En réponse à la crise migratoire, le Conseil a également approuvé l'octroi d'une aide financière supplémentaire à partir du budget 2015 de l'UE, à hauteur de 576,3 millions d'euros en crédits d'engagement et de 71,3 millions d'euros en crédits de paiements. Cette aide traduit dans les faits les engagements pris par le Conseil européen du 23 septembre 2015.

Lutte contre le terrorisme

Le Conseil a adopté des conclusions sur le renforcement des mesures de lutte contre le trafic d'armes à feu.

Les ministres ont en outre été informés de la mise en œuvre de mesures de lutte contre le terrorisme dans le prolongement de la déclaration faite par les dirigeants de l’Union européenne le 12 février 2015, et sont convenus d'accomplir des progrès sur un certain nombre de priorités avant la prochaine réunion, qui aura lieu en décembre.

La présidence a informé le Conseil de l'état d'avancement des travaux menés sur une directive relative à l'utilisation des données des dossiers passagers pour la prévention et la détection des infractions terroristes et des formes graves de criminalité, ainsi que pour les enquêtes et les poursuites en la matière.

"Les discussions politiques avec le Parlement européen sont en cours. Nous sommes convaincus de pouvoir parvenir, avant la fin de l’année, à un accord politique qui nous permettra d'aboutir à un résultat équilibré et apportera une véritable protection supplémentaire à nos citoyens, tout en tenant pleinement compte à la fois des besoins opérationnels et de la protection des données et des droits fondamentaux", explique Etienne Schneider, ministre de la sécurité intérieure de Luxembourg et président du Conseil. 

Protection des données

Le Conseil a arrêté sa position de négociation concernant le projet de directive relative à la protection des données. Cela permet à la présidence luxembourgeoise d'entamer les discussions avec le Parlement européen sur ce volet du paquet législatif relatif à la protection des données. L'autre volet, à savoir le règlement général sur la protection des données, fait déjà l'objet de négociations avec le Parlement. Le projet de directive établit des règles concernant la protection des données à caractère personnel traitées à des fins de prévention et de détection des infractions pénales, d'enquêtes et de poursuites en la matière ou d'exécution de sanctions pénales ou de protection contre les menaces pour la sécurité publique et de prévention de telles menaces.

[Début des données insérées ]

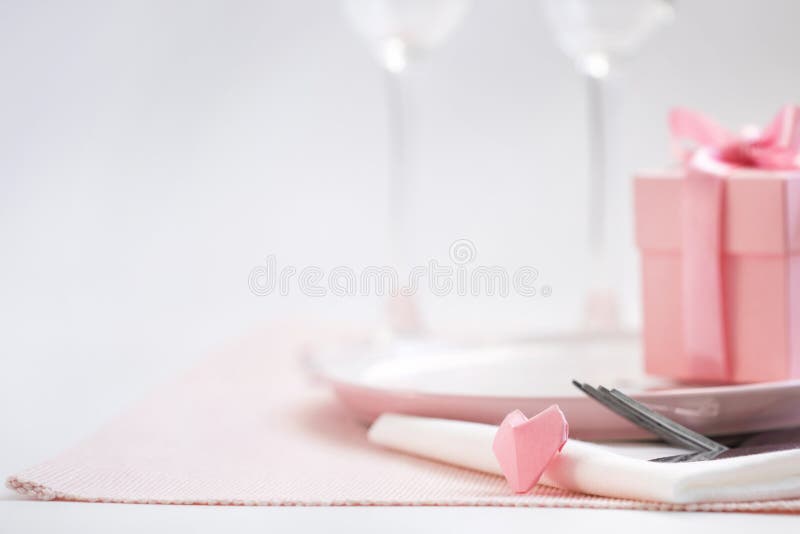 Dinner on Valentine`s day. Pink plate, Cutlery, pair of glasses, gift, heart on the table. stock photo Dinner on Valentine`s day. Pink plate, Cutlery, pair of glasses, gift, heart on the table. stock photo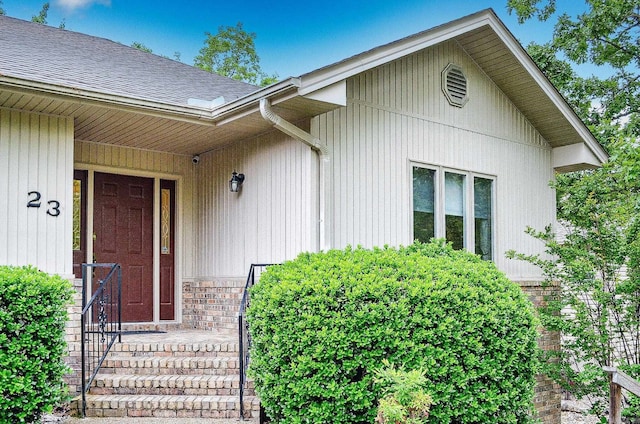view of exterior entry with roof with shingles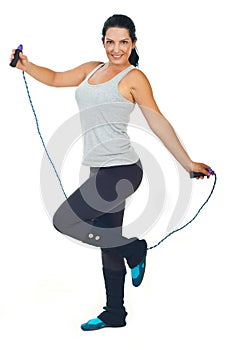 Happy woman with jump rope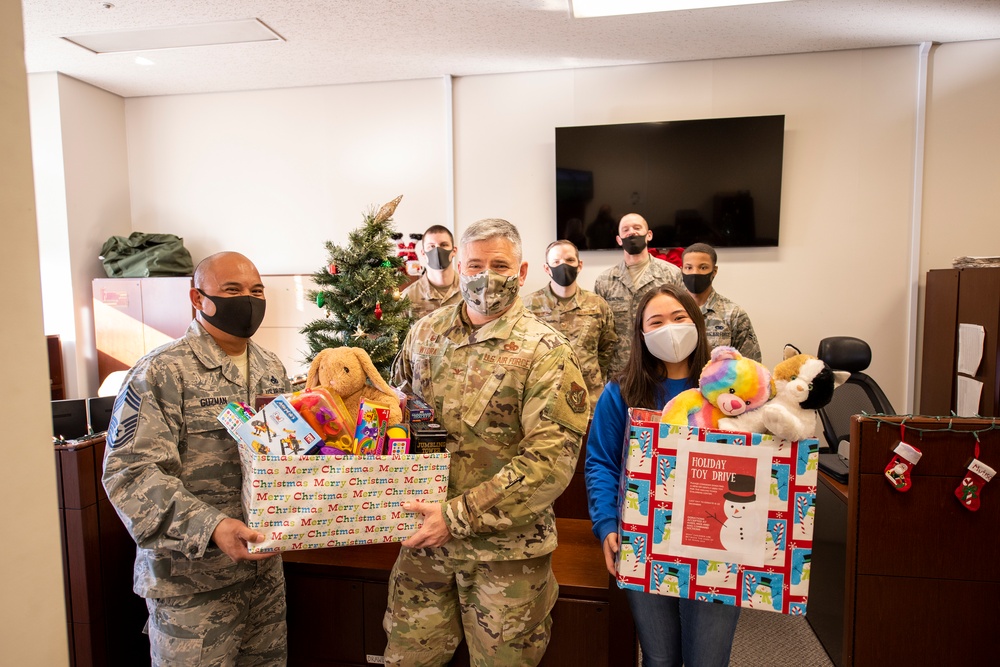 The 374th MXG delivers cheer to local community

"L'accord d'aujourd'hui est une étape décisive en vue de parvenir à un accord global sur le train de mesures relatives à la protection des données dans l'UE d'ici la fin de l'année", a déclaré Félix Braz, ministre de la justice luxembourgeois et président du Conseil.

La Commission a également informé le Conseil des conséquences qui découlent de l'arrêt rendu, le 6 octobre 2015, par la Cour de justice de l'Union européenne, qui a déclaré invalide la décision de la Commission relative à la sphère de sécurité.

Parquet européen

Le Conseil a approuvé à titre provisoire certains articles du projet de règlement portant création du Parquet européen. Ces articles établissent des règles concernant en particulier le déroulement des enquêtes et des poursuites pénales devant les tribunaux nationaux, et portent également sur les droits procéduraux des suspects et des personnes poursuivies. La création d’un Parquet européen vise à contribuer à la lutte contre les infractions portant atteinte aux intérêts financiers de l'UE. Les travaux se poursuivront en vue de parvenir à un accord au sein du Conseil sur les autres parties du règlement.

Soutien à la Grèce

Le Conseil a adopté un règlement qui permettra à la Grèce d'utiliser au mieux les fonds de l'UE et d'améliorer la liquidité afin de stimuler la croissance et de créer des emplois. Le principal objectif du règlement consiste à remédier au manque de fonds publics disponibles pour financer les investissements dont la Grèce a tant besoin, et à faire en sorte que les Fonds structurels et d'investissement européens puissent produire des effets tangibles aussi vite que possible.